[Caption-style text data]
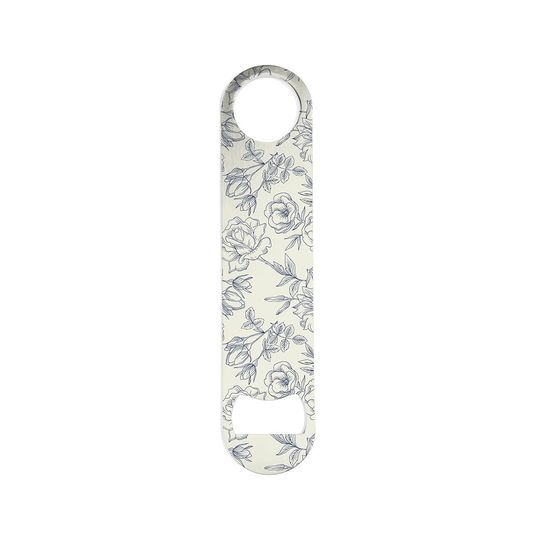 Discover ROSES OUTLINE Bar Blade Bottle Opener - Steel - Heavy Duty - Bartender Speed Opener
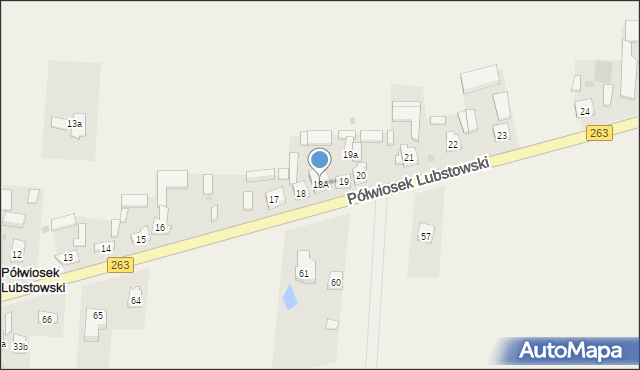 Półwiosek Lubstowski, Półwiosek Lubstowski, 18A, mapa Półwiosek Lubstowski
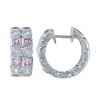 14KT White Gold 1.27ctw Sapphire and Diamond Earrings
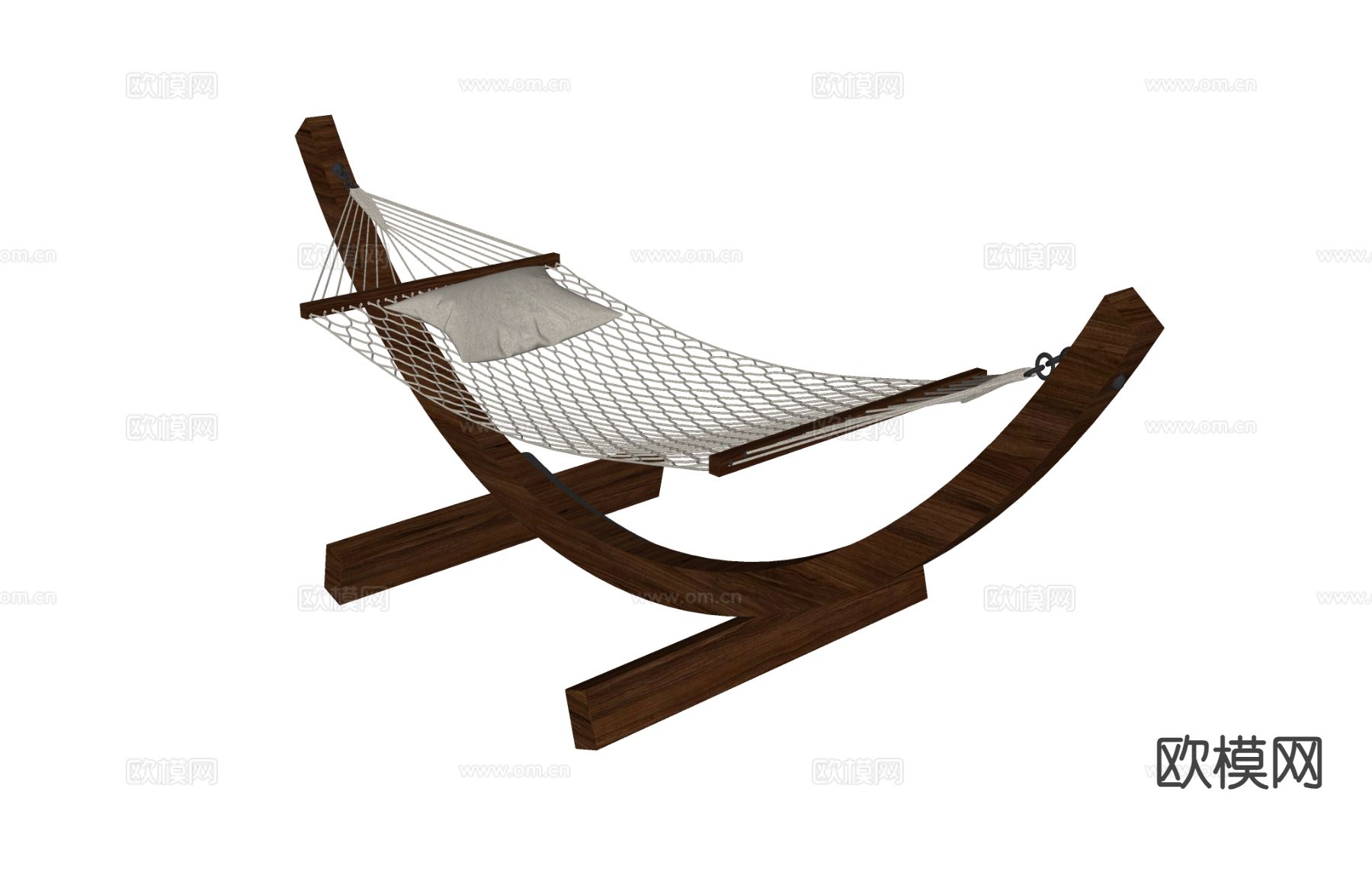 ins床 编制网吊床su模型下载（渲染图2）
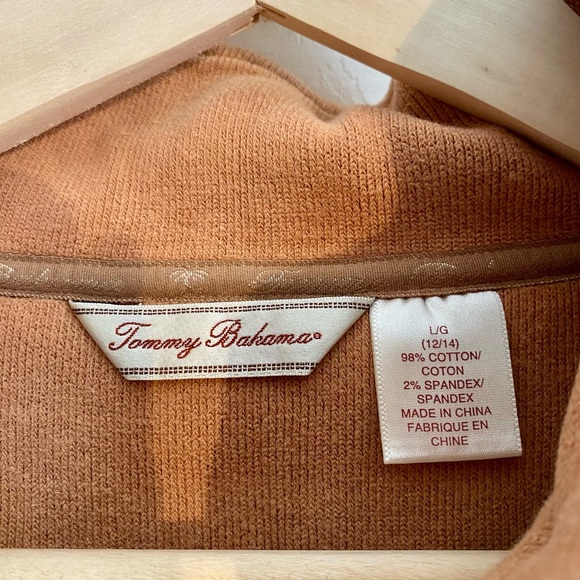 Tommy Bahama quart zip sweater - Picture 2 of 3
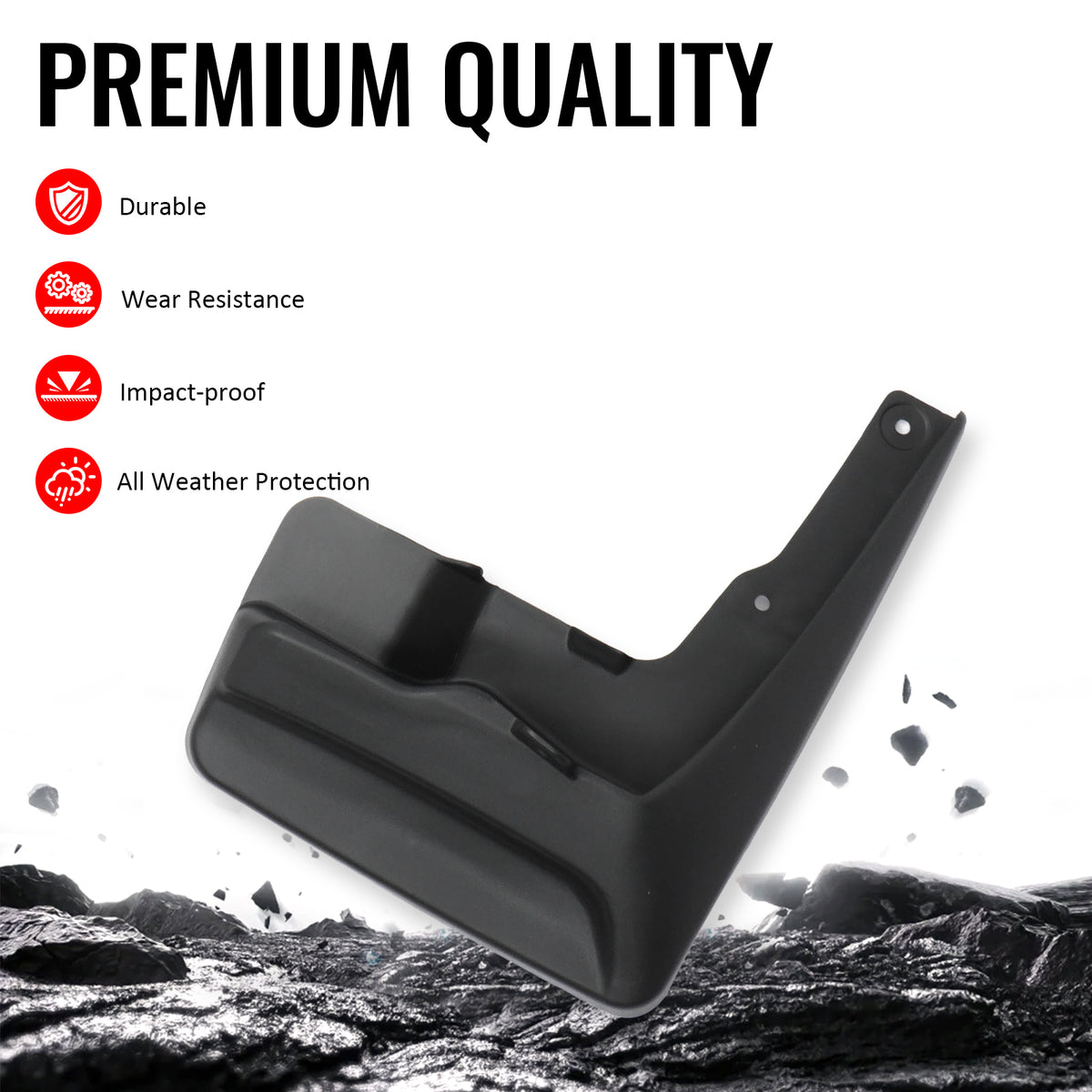 Fits 11-17 Toyota Sienna Front Rear Fender Mud Flaps Wheel Arch Splash Guards PP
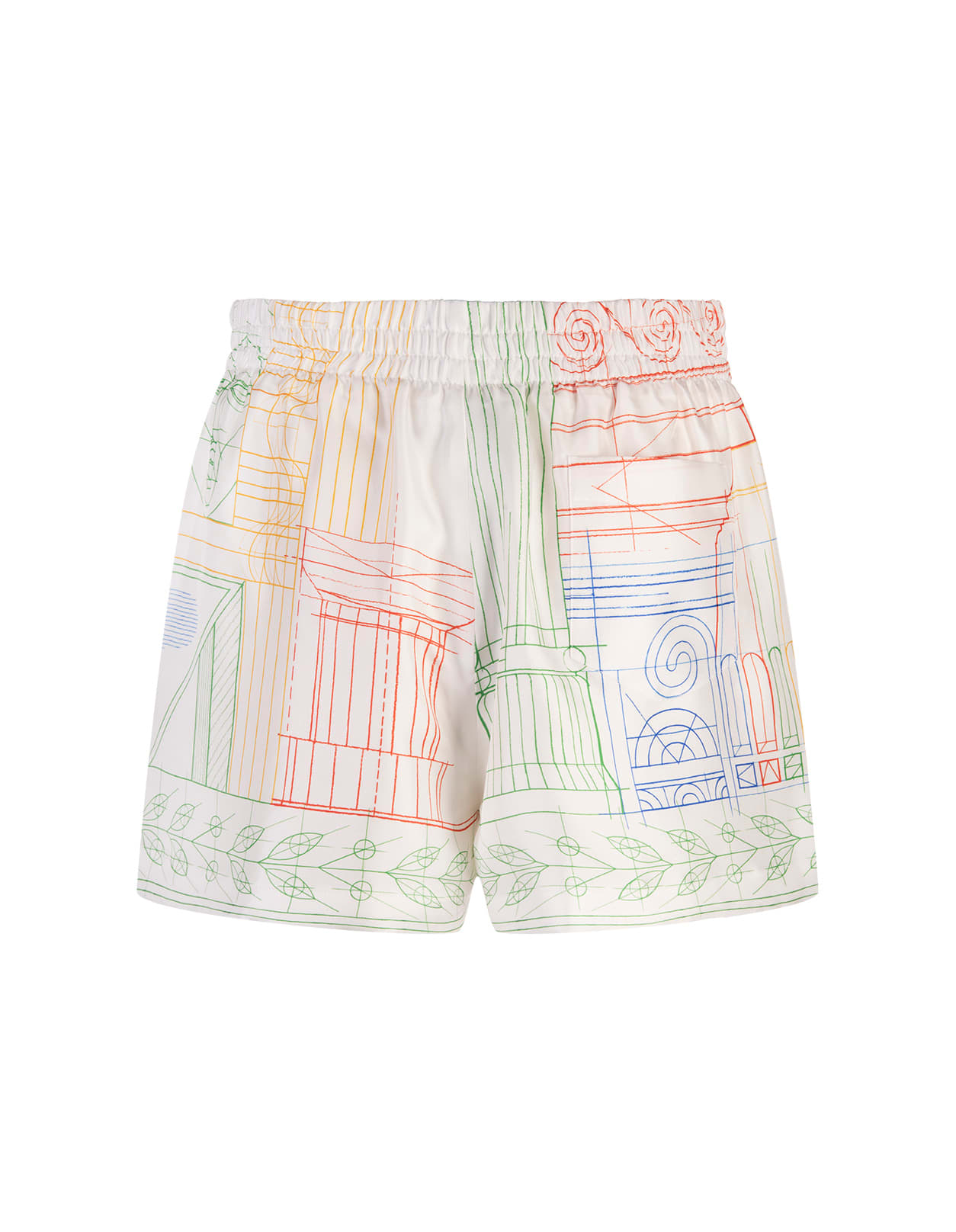 Tennis Play In Progress Silk Shorts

• **About this task**: Give back every entry verbatim. No pictures belong in the copy.

• **Written solution**:
 Discover ROSES OUTLINE Bar Blade Bottle Opener - Steel - Heavy Duty - Bartender Speed Opener
 Półwiosek Lubstowski, Półwiosek Lubstowski, 18A, mapa Półwiosek Lubstowski
 14KT White Gold 1.27ctw Sapphire and Diamond Earrings
 ins床 编制网吊床su模型下载（渲染图2）
 Tommy Bahama quart zip sweater - Picture 2 of 3
 Fits 11-17 Toyota Sienna Front Rear Fender Mud Flaps Wheel Arch Splash Guards PP
 Tennis Play In Progress Silk Shorts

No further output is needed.